> [Task details]:
In the entries that follow, the first line to write out is the one containing "Image of Polygonatum multiflorum specimen.", and the last is the one containing "正宗浓香四季小香芹秧苗带土球老品种露天种植优质穴盘苗西芹白芹". Reproduce that stretch exactly, with nothing before or after it.
(Extracted data begins)
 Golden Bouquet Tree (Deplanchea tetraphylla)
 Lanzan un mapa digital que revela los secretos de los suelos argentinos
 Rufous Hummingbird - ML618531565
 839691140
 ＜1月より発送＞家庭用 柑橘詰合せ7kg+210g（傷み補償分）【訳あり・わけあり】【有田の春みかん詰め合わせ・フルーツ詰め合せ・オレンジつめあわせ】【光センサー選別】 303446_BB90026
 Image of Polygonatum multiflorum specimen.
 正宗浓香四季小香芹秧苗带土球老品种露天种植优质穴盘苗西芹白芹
(Extracted data ends)
(Extracted data begins)
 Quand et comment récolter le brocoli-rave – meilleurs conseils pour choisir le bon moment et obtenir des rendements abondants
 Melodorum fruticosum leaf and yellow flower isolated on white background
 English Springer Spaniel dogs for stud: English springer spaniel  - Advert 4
(Extracted data ends)
> [Answer space]:
 Image of Polygonatum multiflorum specimen.
 正宗浓香四季小香芹秧苗带土球老品种露天种植优质穴盘苗西芹白芹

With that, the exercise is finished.